Reputation: 160
Have a spark data frame . One of the col has dates populated in the format like 2018-Jan-12
I need to change this structure to 20180112
How can this be achieved
Upvotes: 2
Views: 18896
Reputation: 43494
For Spark version 1.5+
Suppose you had the following DataFrame:
df = sqlCtx.createDataFrame([("2018-Jan-12",)], ["date_str"])
df.show()
#+-----------+
#| date_str|
#+-----------+
#|2018-Jan-12|
#+-----------+
To avoid using udf
s, you can first convert the string to a date:
from pyspark.sql.functions import from_unixtime, unix_timestamp
df = df.withColumn('date', from_unixtime(unix_timestamp('date_str', 'yyyy-MMM-dd')))
df.show()
#+-----------+-------------------+
#| date_str| date|
#+-----------+-------------------+
#|2018-Jan-12|2018-01-12 00:00:00|
#+-----------+-------------------+
Then format the date as a string in your desired format:
from pyspark.sql.functions import date_format, col
df = df.withColumn("new_date_str", date_format(col("date"), "yyyyMMdd"))
df.show()
#+-----------+-------------------+------------+
#| date_str| date|new_date_str|
#+-----------+-------------------+------------+
#|2018-Jan-12|2018-01-12 00:00:00| 20180112|
#+-----------+-------------------+------------+
Or if you prefer, you can chain it all together and skip the intermediate steps:
import pyspark.sql.functions as f
df.select(
f.date_format(
f.from_unixtime(
f.unix_timestamp(
'date_str',
'yyyy-MMM-dd')
),
"yyyyMMdd"
).alias("new_date_str")
).show()
#+------------+
#|new_date_str|
#+------------+
#| 20180112|
#+------------+
Upvotes: 5
Reputation: 10256
You can use Pyspark UDF.
from pyspark.sql import functions as f
from pyspark.sql import types as t
from datetime.datetime import strftime, strptime
df = df.withColumn('date_col', f.udf(lambda d: strptime(d, '%Y-%b-%d').strftime('%Y%m%d'), t.StringType())(f.col('date_col')))
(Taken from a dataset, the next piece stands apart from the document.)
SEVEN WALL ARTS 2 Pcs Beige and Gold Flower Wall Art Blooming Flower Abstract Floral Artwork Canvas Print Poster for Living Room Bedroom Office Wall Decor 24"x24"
Or, you can define a large function to catch exceptions if needed.
def date_converter(col):
try:
_date = strptime(date_string, '%Y-%b-%d')
str_date = _date.strftime('%Y%m%d')
return str_date
except Exception:
# Some code if needed
return ''
udf_function = f.udf(date_converter, t.StringType())
df = df.withColumn('date_col', udf_function(df.date_col))
note: I am assuming date_col
is the name of your column.
Upvotes: 4
Reputation: 823
Investigate Python's datetime library, and the methods strftime()
and strptime()
: Basic date and time types: trftime() and strptime()
For example, using strftime.org as a reference:
from datetime import datetime
date_string = '2018-Jan-12'
# Assuming day of the month is a zero-padded decimal number
datetime_object = datetime.strptime(date_string, '%Y-%b-%d')
converted_date_string = datetime_object.strftime('%Y%m%d')
Upvotes: 1